Many families in the area that was directly hit live in relatively fragile homes made of cane poles and and tin roofs. Whenever it floods, even in minor events, these families' homes are damaged, and many of their belongings are destroyed. It's a harsh, but sometimes inescapable cycle.
"The difference with this flood is the death toll that came with it. Overnight over a thousand people disappeared (about 600 confirmed deaths, about 600 people still missing and believed dead)," our partner said.
The devastation throughout Freetown was widespread and severe. Hearts and homes were broken forever. (You can read more about the initial impact of the mudslide from our post in August here: https://www.ides.org/news/how-to-help-victims-of-the-landslide-in-sierra-leone ).
"As part of this project I was able to walk the path of destruction that the mudslide/flood took and this is when I was able to see fully with my own two eyes the impact of the flood," our partner reported. "What I saw was entire concrete houses, some two stories or higher, completely gone. Nothing left but the foundation. In many cases, there were giant boulders sitting where the walls of these houses use to sit. This flood was much worse than the previous Freetown floods. Its impact will be felt for the years to come."
Thanks to your generosity, IDES was able to equip the local church in Freetown with funding to provide mattresses, bedding, clothing, rice, cooking oil, charcoal, and basic kitchen accessories to 35 separate families who had lost their homes.
The aid was distributed in the name of Jesus directly by the local church. Everything was received with great thankfulness by the 35 families served.

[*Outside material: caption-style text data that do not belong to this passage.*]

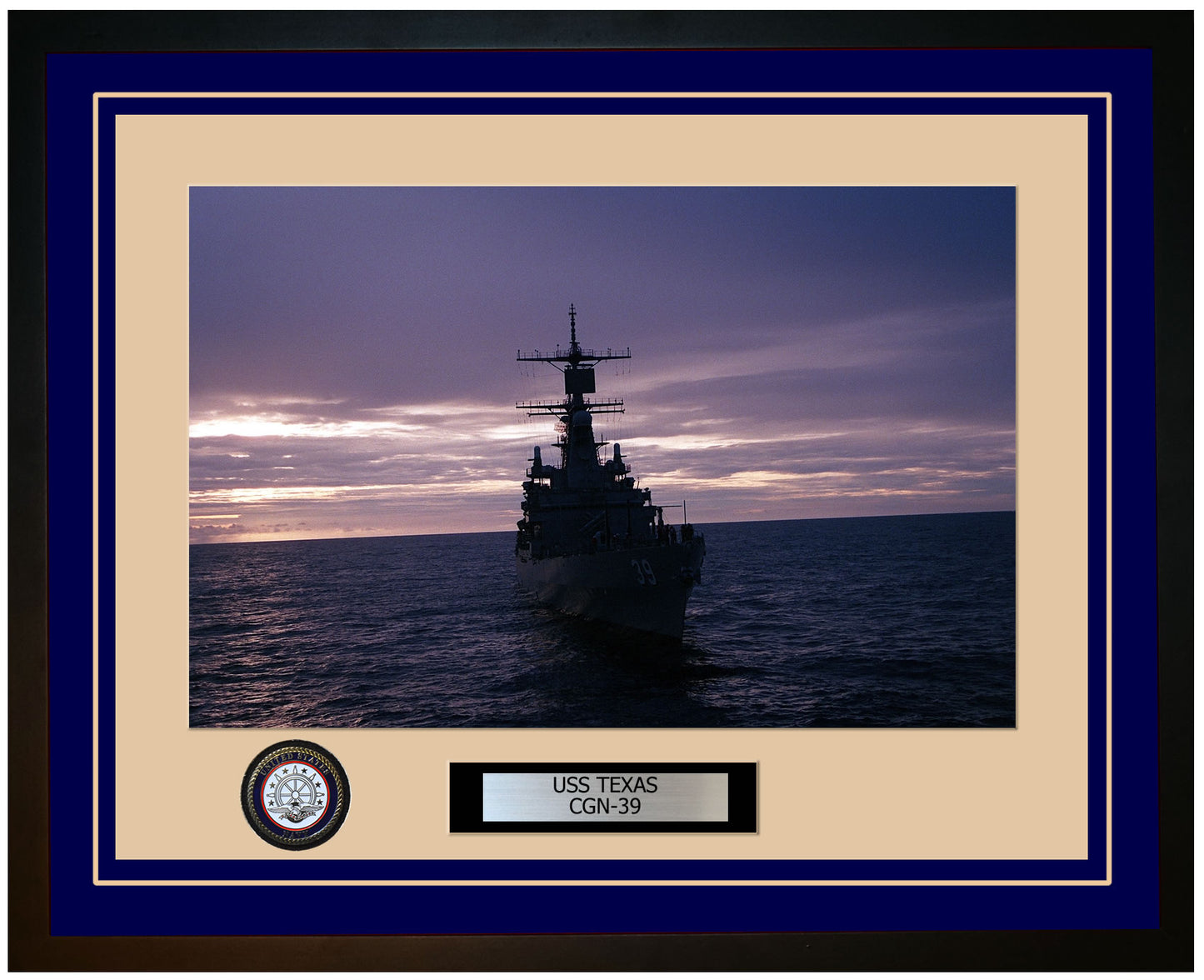 USS TEXAS CGN-39 Framed Navy Ship Photo Blue
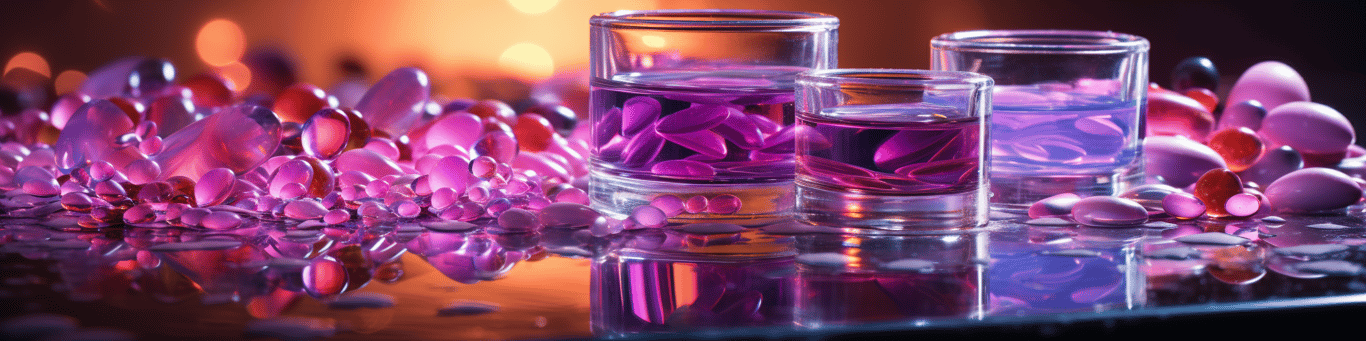 image of drug pills surrounding a glass of water symbolizing drug consumption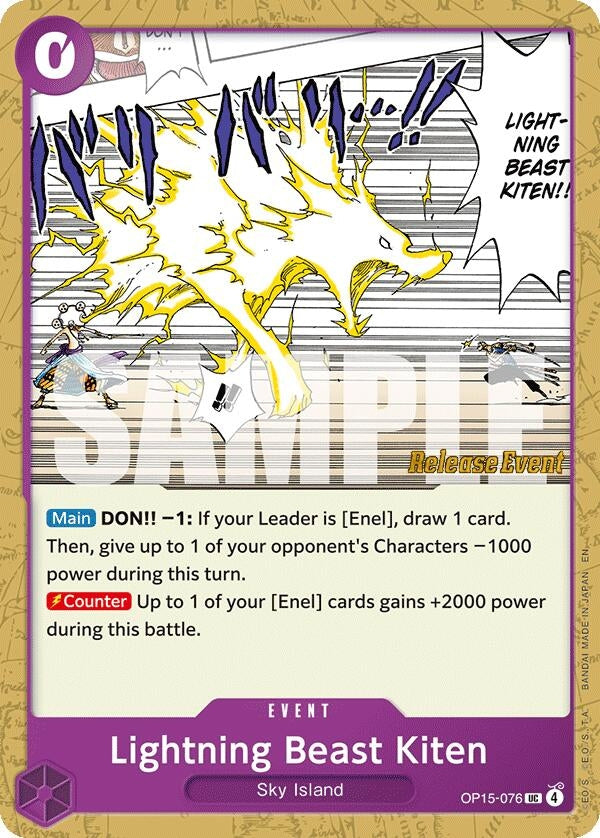Image for Lightning Beast Kiten (OP15-076) [Adventure on Kami's Island Release Event Cards] - One Piece Card Game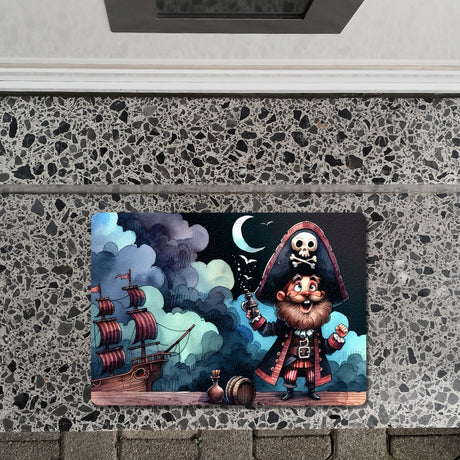lustiger Pirat Fußmatte in 35x50 cm ohne Rand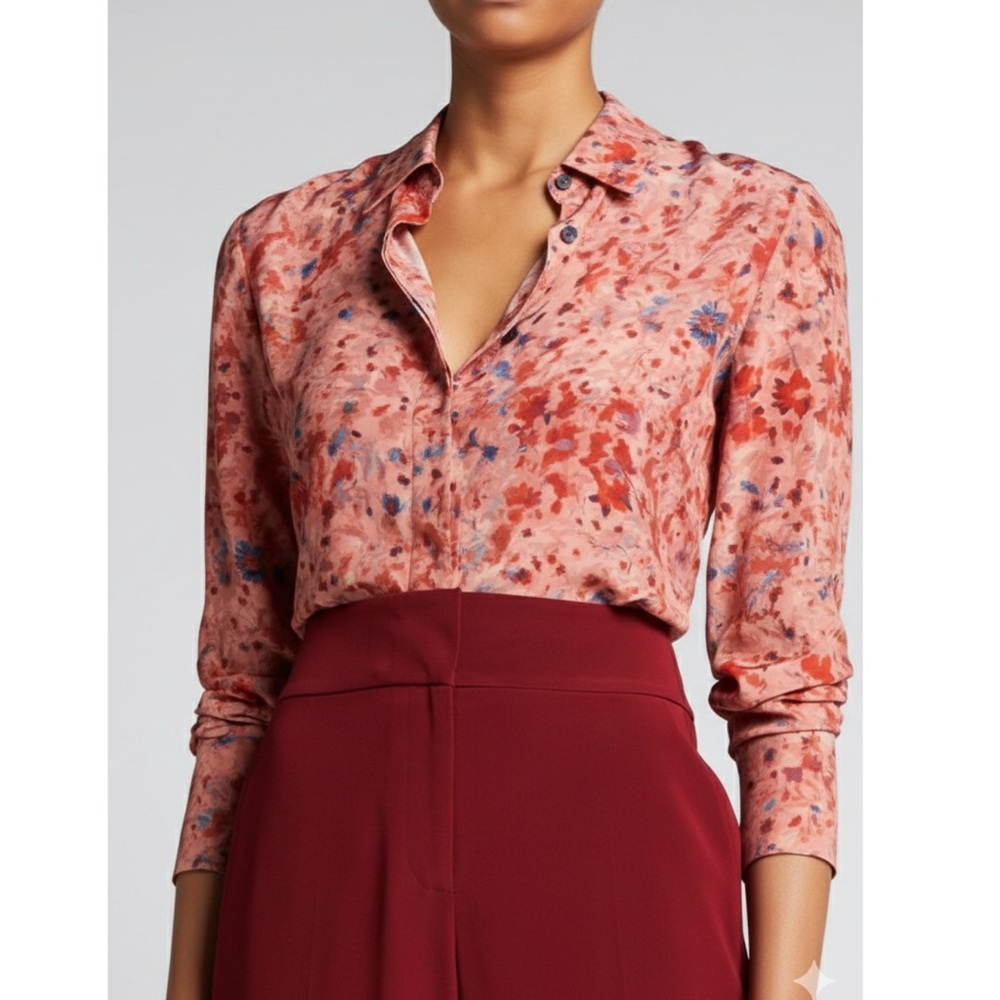 ALRUZARRA Chika Abstract-Print Silk Dyed Button Top Blouse Women's Size 40 US 8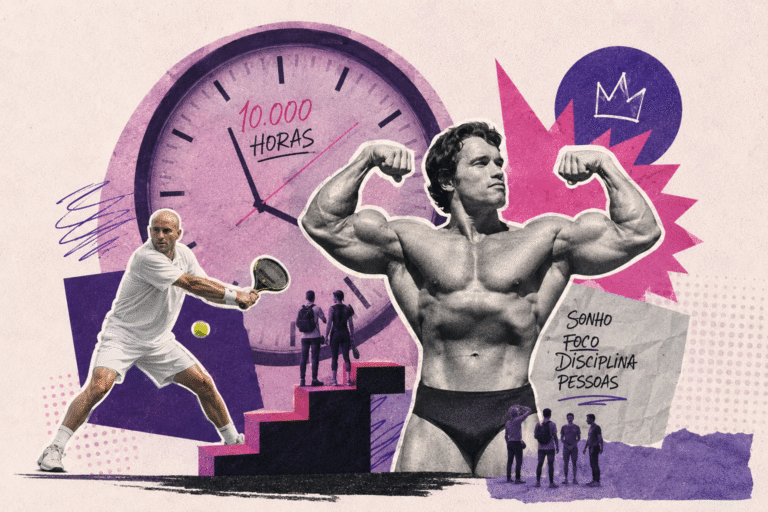 Colagem mostra Arnold Schwarzenegger e Andre Agassi, com um relógio enorme atrás marcando 10 mil horas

"The true way the project assisted in sharing the Gospel was most seen through the distribution. By working with the church, victims were connected with a local congregation (thus helping spread the Gospel) and the local congregation was given the opportunity to distinctly impact their own community," our partner reported. "It was their community that was hit by the flood. Many people in the congregation saw the flood, saw the destruction, helped rescue crews locate bodies (and perform rescues), and now they were able to try and help the community [rebuild]. This project helped both the victims and the congregation."
Please pray for the continued outreach of the local church with these 35 families, and with future families that will be served in their community.
We praise God for this opportunity to serve these families in need in Sierra Leone. Thank you for making hope possible!